Yes Frostbite, I agree. When ever I enter into a dialogue about Aeon I keep in mind the comments of Peter. That people who go into too much detail really are losing the point (that being self-interpretation) I feel the current topic does not quite fit into that category, though I might be wrong.
-- William (firstname.lastname@example.org), August 02, 2000.
I don't think it's necessary to slavishly follow Chung's advice. Being the creator, he has to focus on what makes a show "work", but our imaginations have a little more leeway. Besides, isn't the whole point to come up with our own interpretation, making up part of the story ourselves, as it were?
-- Paul (email@example.com), August 03, 2000.

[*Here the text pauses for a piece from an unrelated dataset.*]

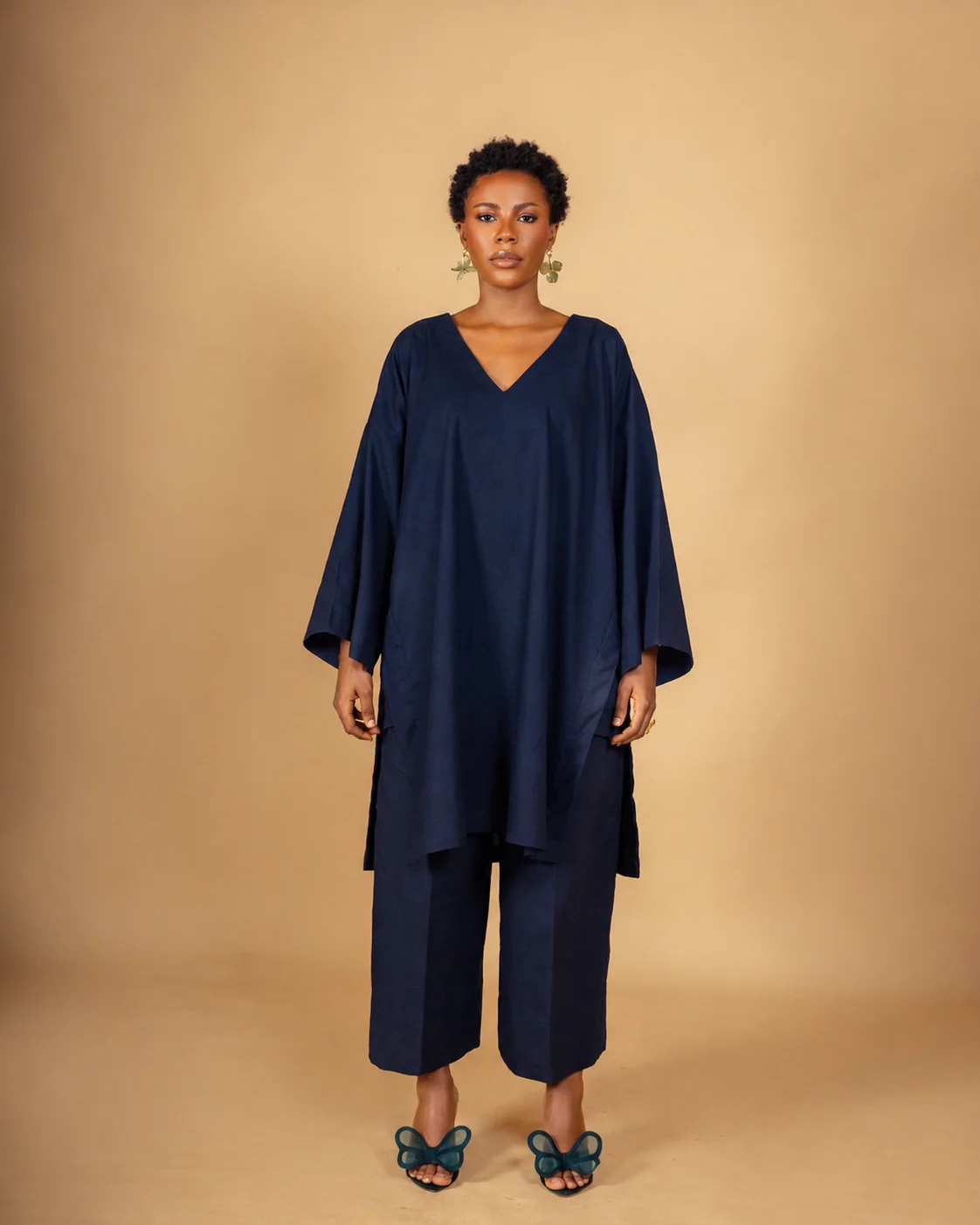 UNISEX V-NECK OMO-AYO SET (NAVY BLUE)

I mean, interpretation in a general sense. If you want to argue that one should understand the basic points of an episode before picking it apart, fine by me, but the cul-de-sacs and "meaningless" stuff can be interesting too.

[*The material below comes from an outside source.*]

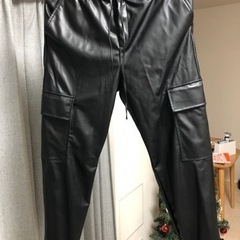ZARA新品　パンツ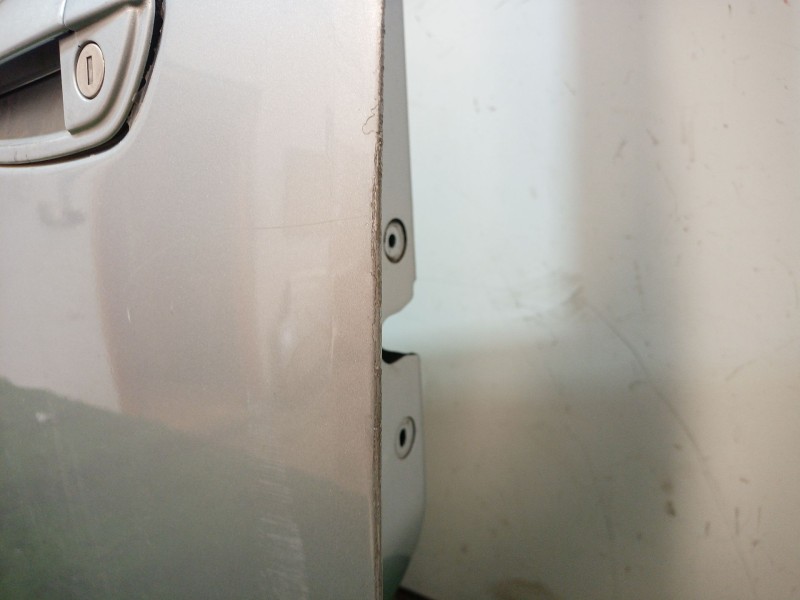 Recambio de puerta delantera izquierda para fiat punto (199_) 1.3 d multijet referencia OEM IAM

-- Paul (firstname.lastname@example.org), August 03, 2000.
It is always amazing to me the things everone else notices about Aeon flux, if it wasn't for these boards I'd never notice the clothing the Breens wore, I'm amazed at the diligence of the minds of others to this show. Personally, I always did focus on the love affair between Aeon and Trevor, but the stories confused me, all the info from the forum has enhanced the whole thing for me. Oh oh, does this mean I am agreeing with Paul, maybe I do have a guilty pleasure or two, heh heh.
-- Barbei (Suesuesbeo@aol.com), August 03, 2000.
I agree with that as well. Advice should'nt be blindly followed. But I think Peter is right in some way. I think he was warning of the obsession of detail. I think that it would be just as credible if anyone pointed out that fact (not just Peter) After saying all this, anything to do with the series would have to be very dull for me not take at least a passing interest.
-- William (email@example.com), August 03, 2000.
To speak for myself, I've always been a man of aesthetics, and it is my first and original nature when relating to film, I admit. When I look at a film I notice first the audiovisual quality and direction style, and this can often be more alluring to me than the writing behind it. Being a fan of Aeon Flux has showed me more of the film world, namely the ideas of Chung that writing is in a way of prime importance. But also in line with his ideas, I believe that personal interpretation of film is very important, and so my approach to film is more aesthetic. I can appreciate the ideas of a film just as much as the rest of it, but my mind, being what it is, is drawn to the rest by default. I try to be well-rounded.